Re: [PATCH v2 05/11] hugetlb: Convert the vmf->pgoff to PAGE_SIZE granularity

From: XIAO WU

Date: Tue Jun 23 2026 - 06:55:52 EST


Hi Jane,

Thanks for this series — the conversion to PAGE-granularity indexing is a
nice cleanup.

I came across a Sashiko AI review of this patch series, which flagged
several issues, one of which I was able to confirm triggers a real kernel
crash:

https://sashiko.dev/#/patchset/20260617172534.1740152-1-jane.chu@xxxxxxxxxx

> +++ b/mm/hugetlb.c
> @@ -5952,8 +5955,7 @@ vm_fault_t hugetlb_fault(struct mm_struct *mm, struct vm_area_struct *vma,
>          .address = address & huge_page_mask(h),
>          .real_address = address,
>          .flags = flags,
> -        .pgoff = vma_hugecache_offset(h, vma,
> -                address & huge_page_mask(h)),
> +        .pgoff = linear_page_index(vma, address),

This change sets vmf.pgoff to linear_page_index(vma, address), but
`address` here is the raw unaligned fault address, not the huge-page-aligned
address.  Previously, vma_hugecache_offset() used `address & huge_page_mask(h)`
which produced a huge-page-aligned index.

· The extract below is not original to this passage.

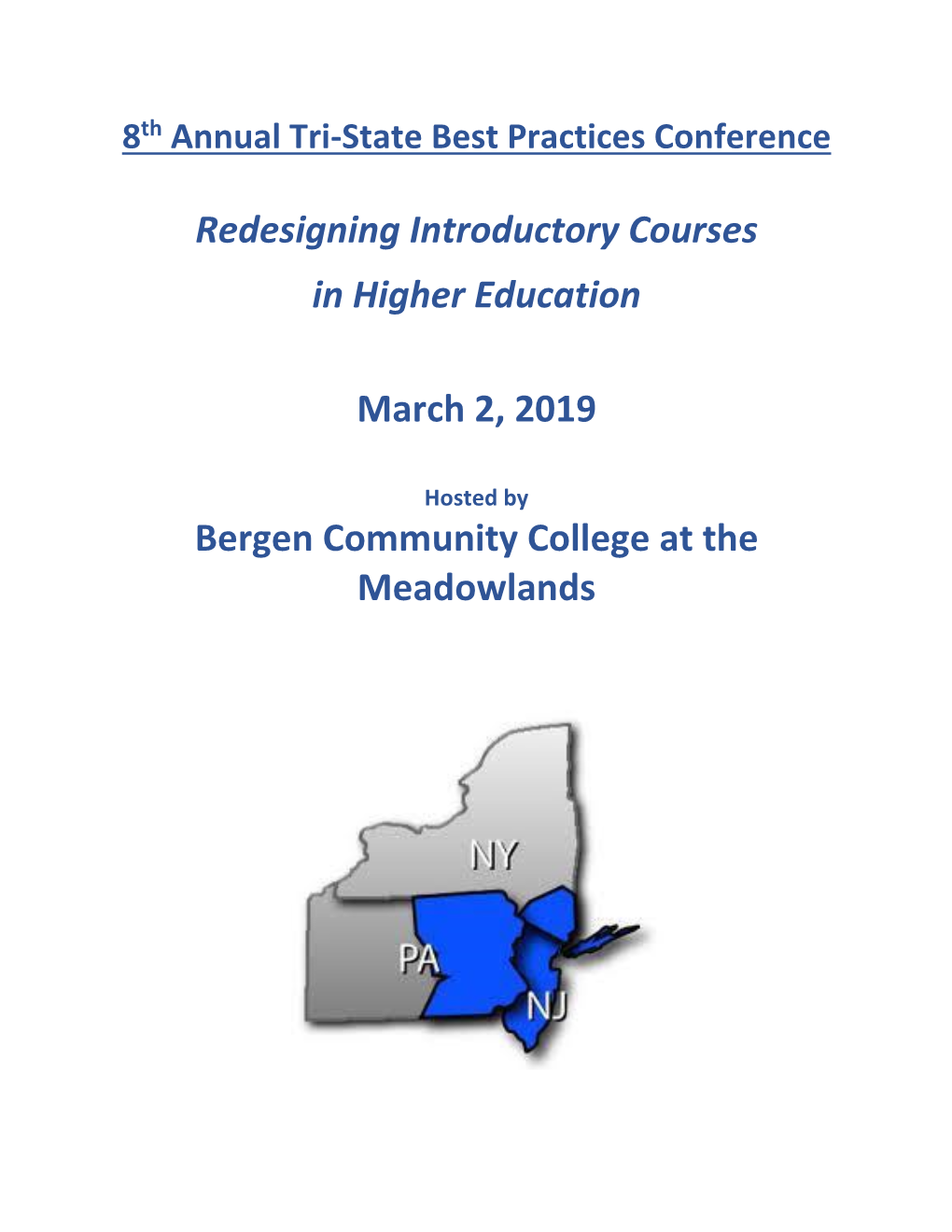 Redesigning Introductory Courses in Higher Education March 2, 2019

When a page fault occurs at a non-huge-page-aligned address within a hugetlb
mapping (e.g., vm_start + 0x1000 for a 2MB page), the resulting pgoff is not
a multiple of pages_per_huge_page (512 for 2MB).  This unaligned index
propagates through:

  hugetlb_fault() → hugetlb_no_page() → hugetlb_add_to_page_cache()
  → __filemap_add_folio()

where this assertion fires (mm/filemap.c:862):

  VM_BUG_ON_FOLIO(index & (folio_nr_pages(folio) - 1), folio);

With CONFIG_DEBUG_VM=y, this becomes a BUG() and panics the kernel.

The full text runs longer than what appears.